• [TASK BRIEF]:
In the entries below, which lines run from the one containing "Updated Ground Floor" to the one containing "Adélia Alpendre –"? Copy exactly those lines, ends included, and no others.

• [DATA FOR PROCESSING]:
- Opening Delimiter -
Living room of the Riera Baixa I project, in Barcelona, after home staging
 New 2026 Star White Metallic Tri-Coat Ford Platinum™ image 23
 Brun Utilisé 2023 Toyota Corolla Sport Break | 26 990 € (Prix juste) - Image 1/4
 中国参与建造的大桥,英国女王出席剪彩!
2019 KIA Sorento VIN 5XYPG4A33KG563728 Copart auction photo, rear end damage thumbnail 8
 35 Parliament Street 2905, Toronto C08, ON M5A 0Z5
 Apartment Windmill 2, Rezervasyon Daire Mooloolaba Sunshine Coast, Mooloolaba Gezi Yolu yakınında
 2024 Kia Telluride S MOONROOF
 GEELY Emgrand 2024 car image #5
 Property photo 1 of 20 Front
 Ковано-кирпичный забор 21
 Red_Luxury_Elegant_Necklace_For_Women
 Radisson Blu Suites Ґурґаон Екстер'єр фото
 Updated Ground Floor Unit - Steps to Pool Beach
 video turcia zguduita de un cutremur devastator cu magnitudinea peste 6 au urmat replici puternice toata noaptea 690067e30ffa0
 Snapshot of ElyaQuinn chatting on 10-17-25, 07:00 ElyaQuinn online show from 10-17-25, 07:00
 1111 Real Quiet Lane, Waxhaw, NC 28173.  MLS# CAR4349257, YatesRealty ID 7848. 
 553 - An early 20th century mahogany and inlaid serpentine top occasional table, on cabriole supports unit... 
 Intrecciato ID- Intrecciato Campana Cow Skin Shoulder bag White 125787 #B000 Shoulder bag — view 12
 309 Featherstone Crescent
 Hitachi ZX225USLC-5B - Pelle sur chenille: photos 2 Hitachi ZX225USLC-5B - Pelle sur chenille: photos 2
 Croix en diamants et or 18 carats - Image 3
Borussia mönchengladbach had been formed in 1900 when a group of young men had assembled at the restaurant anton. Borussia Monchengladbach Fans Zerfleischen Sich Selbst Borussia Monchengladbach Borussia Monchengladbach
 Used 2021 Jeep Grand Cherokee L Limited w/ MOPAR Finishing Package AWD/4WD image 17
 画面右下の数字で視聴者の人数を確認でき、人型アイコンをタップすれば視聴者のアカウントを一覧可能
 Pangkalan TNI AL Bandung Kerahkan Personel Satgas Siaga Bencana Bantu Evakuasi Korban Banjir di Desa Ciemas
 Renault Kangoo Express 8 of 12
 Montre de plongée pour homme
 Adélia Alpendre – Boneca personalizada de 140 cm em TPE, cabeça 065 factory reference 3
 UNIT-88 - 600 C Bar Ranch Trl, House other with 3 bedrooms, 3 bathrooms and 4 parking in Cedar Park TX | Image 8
- Closing Delimiter -
• [EXERCISE RESULT]:
 Updated Ground Floor Unit - Steps to Pool Beach
 video turcia zguduita de un cutremur devastator cu magnitudinea peste 6 au urmat replici puternice toata noaptea 690067e30ffa0
 Snapshot of ElyaQuinn chatting on 10-17-25, 07:00 ElyaQuinn online show from 10-17-25, 07:00
 1111 Real Quiet Lane, Waxhaw, NC 28173.  MLS# CAR4349257, YatesRealty ID 7848. 
 553 - An early 20th century mahogany and inlaid serpentine top occasional table, on cabriole supports unit... 
 Intrecciato ID- Intrecciato Campana Cow Skin Shoulder bag White 125787 #B000 Shoulder bag — view 12
 309 Featherstone Crescent
 Hitachi ZX225USLC-5B - Pelle sur chenille: photos 2 Hitachi ZX225USLC-5B - Pelle sur chenille: photos 2
 Croix en diamants et or 18 carats - Image 3
Borussia mönchengladbach had been formed in 1900 when a group of young men had assembled at the restaurant anton. Borussia Monchengladbach Fans Zerfleischen Sich Selbst Borussia Monchengladbach Borussia Monchengladbach
 Used 2021 Jeep Grand Cherokee L Limited w/ MOPAR Finishing Package AWD/4WD image 17
 画面右下の数字で視聴者の人数を確認でき、人型アイコンをタップすれば視聴者のアカウントを一覧可能
 Pangkalan TNI AL Bandung Kerahkan Personel Satgas Siaga Bencana Bantu Evakuasi Korban Banjir di Desa Ciemas
 Renault Kangoo Express 8 of 12
 Montre de plongée pour homme
 Adélia Alpendre – Boneca personalizada de 140 cm em TPE, cabeça 065 factory reference 3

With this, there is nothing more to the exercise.